● Assignment:
After locating the line that contains "Infiniti FX 2012 - фото автомобиля" in the listing below, write out that line and every following line exactly, with no other output.

● Records for this exercise:
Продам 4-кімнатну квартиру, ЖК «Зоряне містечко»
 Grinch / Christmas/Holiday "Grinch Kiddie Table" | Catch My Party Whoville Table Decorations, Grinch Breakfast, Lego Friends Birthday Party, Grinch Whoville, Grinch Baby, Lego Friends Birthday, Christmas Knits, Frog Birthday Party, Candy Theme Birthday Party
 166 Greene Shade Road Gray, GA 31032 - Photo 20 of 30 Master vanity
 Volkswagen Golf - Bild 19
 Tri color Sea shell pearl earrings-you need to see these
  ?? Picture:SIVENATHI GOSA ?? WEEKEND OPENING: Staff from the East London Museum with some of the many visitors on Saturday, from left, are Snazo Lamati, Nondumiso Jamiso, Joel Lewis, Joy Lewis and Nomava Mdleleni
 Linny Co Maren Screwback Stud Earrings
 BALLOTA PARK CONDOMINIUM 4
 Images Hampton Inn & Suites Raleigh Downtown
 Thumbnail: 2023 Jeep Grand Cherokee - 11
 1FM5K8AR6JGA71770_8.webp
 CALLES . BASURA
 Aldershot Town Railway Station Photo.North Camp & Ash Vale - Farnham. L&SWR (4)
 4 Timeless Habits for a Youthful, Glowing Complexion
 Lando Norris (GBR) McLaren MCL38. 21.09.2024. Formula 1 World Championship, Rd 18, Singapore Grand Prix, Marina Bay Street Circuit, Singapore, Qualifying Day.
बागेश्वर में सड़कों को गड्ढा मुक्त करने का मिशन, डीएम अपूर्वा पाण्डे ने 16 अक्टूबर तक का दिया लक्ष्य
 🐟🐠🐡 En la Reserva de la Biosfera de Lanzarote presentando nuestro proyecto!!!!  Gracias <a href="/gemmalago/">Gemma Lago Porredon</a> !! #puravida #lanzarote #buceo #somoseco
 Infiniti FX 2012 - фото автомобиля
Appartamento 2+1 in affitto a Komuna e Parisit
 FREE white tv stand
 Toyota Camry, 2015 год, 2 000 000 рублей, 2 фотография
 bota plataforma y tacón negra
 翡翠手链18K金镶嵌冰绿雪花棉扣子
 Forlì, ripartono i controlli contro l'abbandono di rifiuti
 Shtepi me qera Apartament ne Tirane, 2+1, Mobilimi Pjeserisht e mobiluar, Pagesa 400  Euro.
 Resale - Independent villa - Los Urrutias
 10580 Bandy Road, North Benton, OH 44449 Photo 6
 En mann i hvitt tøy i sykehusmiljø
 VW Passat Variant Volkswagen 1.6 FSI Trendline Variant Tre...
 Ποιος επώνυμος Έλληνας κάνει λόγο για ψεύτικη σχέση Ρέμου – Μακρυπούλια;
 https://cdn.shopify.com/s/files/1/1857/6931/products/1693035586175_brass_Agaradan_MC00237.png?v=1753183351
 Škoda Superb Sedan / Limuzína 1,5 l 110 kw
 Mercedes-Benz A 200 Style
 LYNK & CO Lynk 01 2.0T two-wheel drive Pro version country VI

● Answer below:
 Infiniti FX 2012 - фото автомобиля
Appartamento 2+1 in affitto a Komuna e Parisit
 FREE white tv stand
 Toyota Camry, 2015 год, 2 000 000 рублей, 2 фотография
 bota plataforma y tacón negra
 翡翠手链18K金镶嵌冰绿雪花棉扣子
 Forlì, ripartono i controlli contro l'abbandono di rifiuti
 Shtepi me qera Apartament ne Tirane, 2+1, Mobilimi Pjeserisht e mobiluar, Pagesa 400  Euro.
 Resale - Independent villa - Los Urrutias
 10580 Bandy Road, North Benton, OH 44449 Photo 6
 En mann i hvitt tøy i sykehusmiljø
 VW Passat Variant Volkswagen 1.6 FSI Trendline Variant Tre...
 Ποιος επώνυμος Έλληνας κάνει λόγο για ψεύτικη σχέση Ρέμου – Μακρυπούλια;
 https://cdn.shopify.com/s/files/1/1857/6931/products/1693035586175_brass_Agaradan_MC00237.png?v=1753183351
 Škoda Superb Sedan / Limuzína 1,5 l 110 kw
 Mercedes-Benz A 200 Style
 LYNK & CO Lynk 01 2.0T two-wheel drive Pro version country VI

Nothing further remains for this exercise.